リュカは塞ぎ、レコメラも何も言わない。私も考えすぎで少し疲れた気がする。
寂しそうなリュカの背中に手を伸ばしかけた時、とぽぽ‥‥とお茶を注ぐ音がした。見れば凝りもせずレコメラがお茶を淹れている。
「レコメラ、もう大丈夫なの? あんまり飲むと、また気分悪くなるよ」
「大分マシになりましたよ。ええ、これで最後にします」
そうしてごくごくお茶を飲んで、にこりと笑った。
「見てくださいチトセ。詰まらせず飲めましたよ」
「そんなの練習してたの。‥‥よかったね、できて」
この精霊は変なところで子供っぽいなと思う。見た目のせいか馬鹿にする気持ちはわかず、心から「よかったね」と言える。
私の言葉に目を細め満足そうに笑んでから、レコメラはカップを置いた。眼鏡の位置を直す。

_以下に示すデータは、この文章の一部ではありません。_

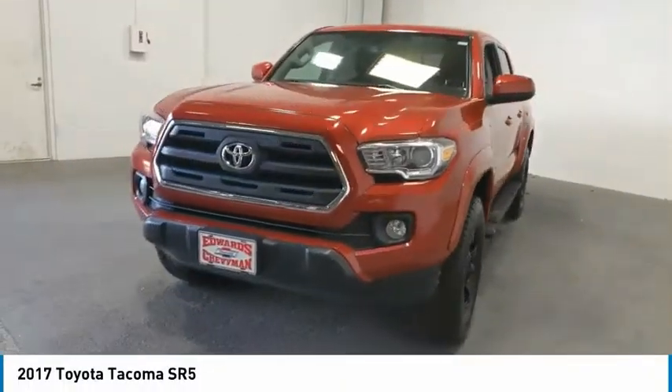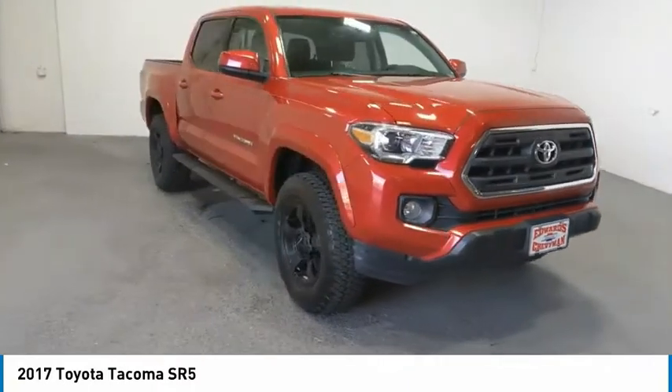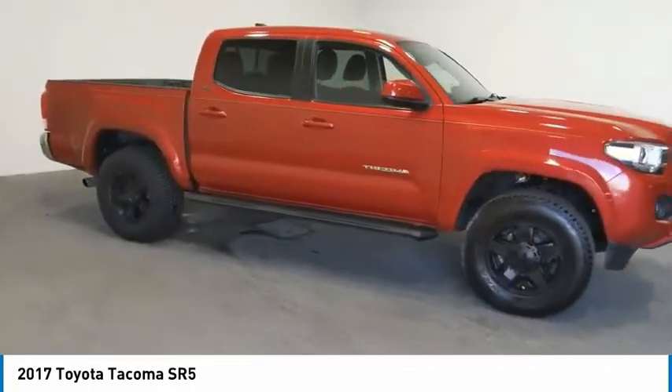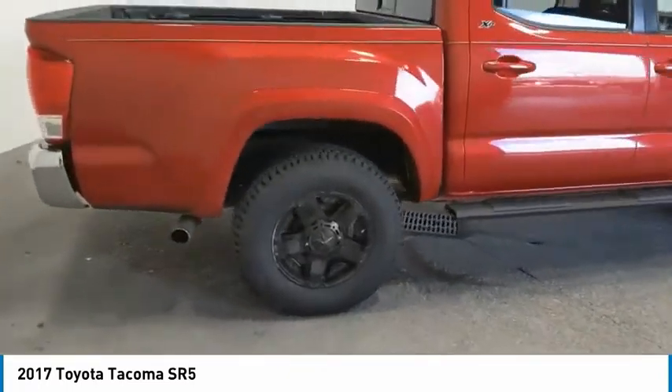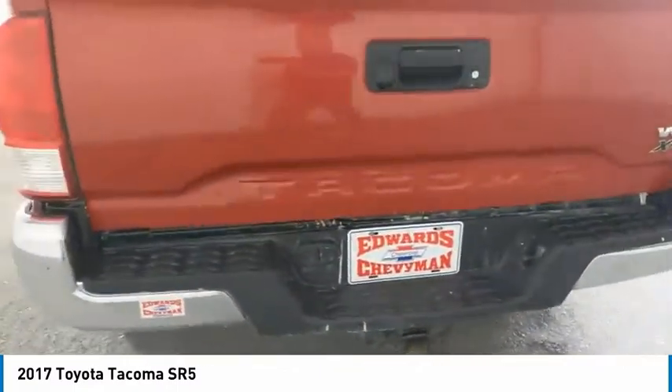Looking for the right vehicle? Check out the 2017 Tacoma. Toyota Tacoma boasts a roomy interior, a powerful V6 option, and excellent off-road capability, and has been named the best-selling compact pickup by Motorintelligence.com five years in a row.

「私は、エルダーの今の状況を己の幸福を後回しにしてきたツケと思っています」
「幸福を後回しにしてきたツケ?」
「はい。‥‥いくらいい子ちゃんぶっていても、自分が可愛くない人間なんかいませんから」
隣でもそもそと動き出したサナギが、顔だけレコメラへ向ける。
「だめなの? 良い子でいたら。エルダーは良い子でいたくなくなっちゃったの」
「良い子は素敵ですよ、リュカ。貴方と本質は異なりますが、エルダーもいい子ですから。ただ、今回はそれを利用されたというだけ」
そう困ったように言うレコメラの姿は、なぜか自虐的に見えた。
「ルクスナは、今もそんなエルダーを信じて傍にいます」
「言葉が分からなくても?」
「ええ。ナルシストな上、ロマンチストですから」
今も、精霊はたった一人、戦場でエルダーを護っている。
(私たちもこうしていられない。次の手を考えなくちゃ‥‥)
ファリーを殺すのには失敗した。ナイフじゃ呪いは殺せなかった。
(魔法を止める‥‥? けど、止めてどうするの。他に私にできることは‥‥。なにか、ある?)
その時、部屋の外で足音が聞こえた。振り向いたと同時に入り口が開く。
「おや、どうしたんです皆さん。そんな難しい顔をして」
垂れ幕の向こうから現れたのは、件の偽エルダーだった。